Carbon Capture, Utilisation & Storage with MSA Safety

How does carbon capture, utilisation and storage work?

1) Source

For CCUS, carbon is captured from a variety of emission sources, including:

• Atmosphere: capturing CO₂ directly from the air
• Power plants: natural gas, coal, and biomass facilities
• Industrial facilities: steel manufacturing, cement production, and chemical processing

2) Capture

Various carbon capture methods are used to separate CO₂ from other gases generated during industrial processes:

• Pre-combustion capture: converts fuel into syngas and removes CO₂ before combustion takes place.
• Oxy-fuel combustion capture: burns fuel in pure oxygen to create a concentrated CO₂ stream.
• Post-combustion capture: captures CO₂ after combustion, although additional purification may be required.
• Direct air capture (DAC): extracts CO₂ directly from the atmosphere using solvent- or sorbent-based technologies.

3) Compression

Captured CO₂ is compressed into a supercritical state to support efficient transportation and storage. The compression process typically includes:

• Multi-stage compression: CO₂ is compressed through several stages, with pressure increasing at each stage.
• Cooling: CO₂ is cooled to remove the heat generated during the compression process.

Converting CO₂ into a supercritical state improves transport efficiency and cost-effectiveness, while also introducing specific technical and safety considerations.

4) Transportation

Captured CO₂ can be transported to storage or utilisation sites using a range of methods, including:

• Pipelines: the primary transport method for moving large volumes of CO₂ over land.
• Ships: a practical option when pipelines are not viable, particularly for longer distances or smaller quantities.

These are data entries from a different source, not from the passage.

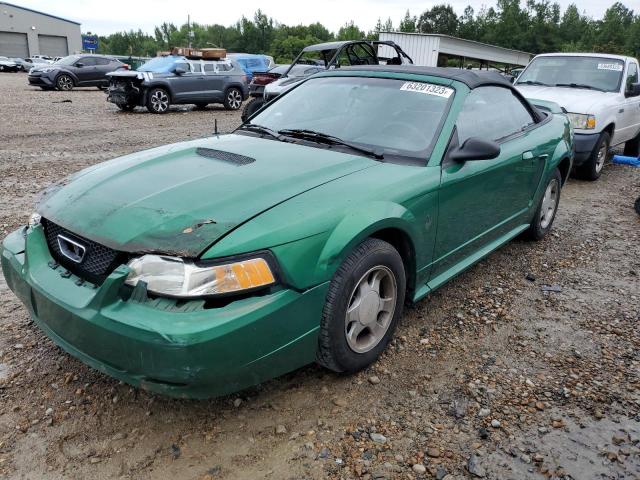 Ford All models (1999)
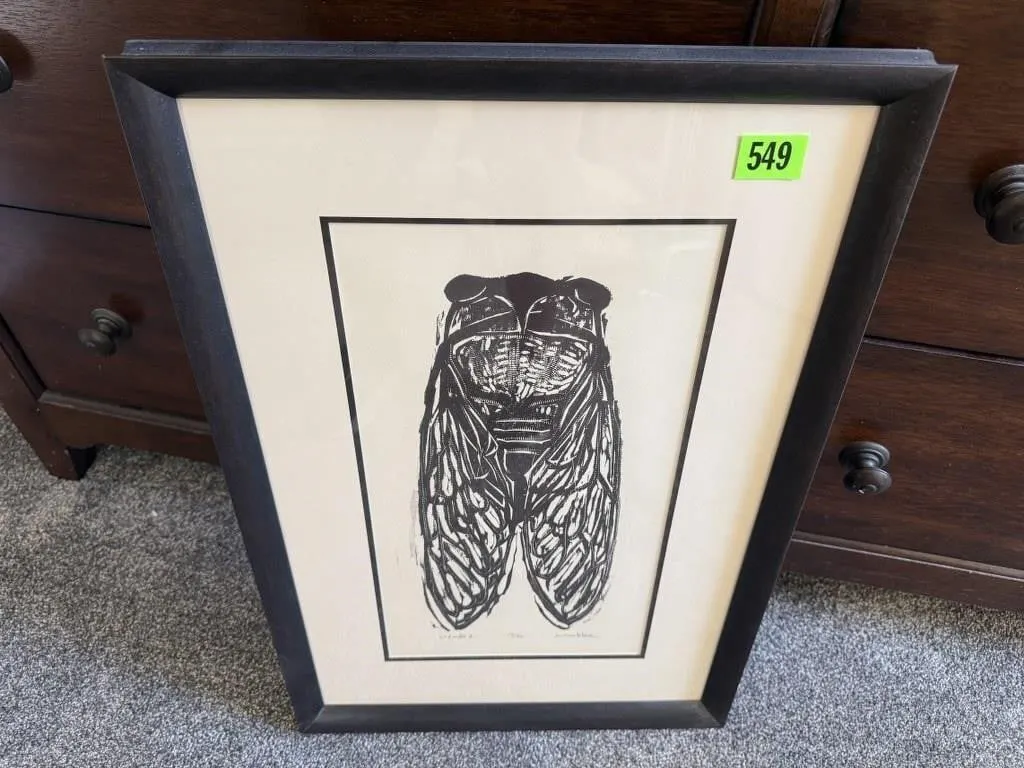 "Cicada 2" artwork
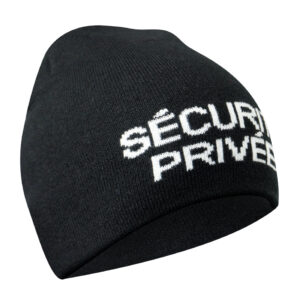 BONNET SECU-ONE SÉCURITÉ PRIVÉE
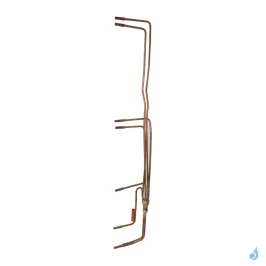 Circuit Frigo Sortie Condenseur pour unité extérieure Atlantic Fujitsu Réf. 898969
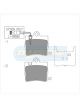 Transgold Brake Pads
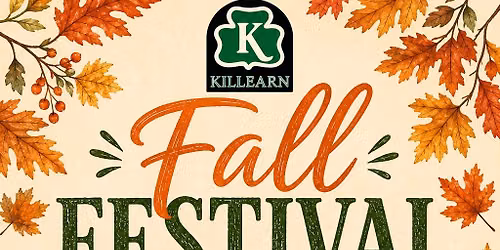Killearn Estates Fall Festival 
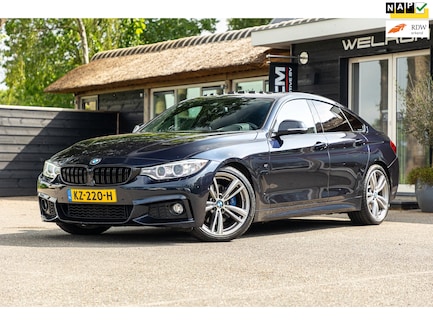 BMW 4-Serie Gran Coupe 0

Effective technical and safety management is essential, as supercritical CO₂ can contribute to corrosion in pipelines and equipment, especially when impurities such as water or H₂S are present.

5) Utilisation

Captured CO₂ can be put to practical use in a variety of applications, including:

• Enhanced oil recovery (EOR): CO₂ is injected into oil reservoirs to help increase production rates.
• Fuels and chemicals: CO₂ is used in the production of synthetic fuels, low-carbon chemicals, and polycarbonate plastics.
• Construction materials: CO₂ can be incorporated into concrete and other building materials to enhance performance and durability.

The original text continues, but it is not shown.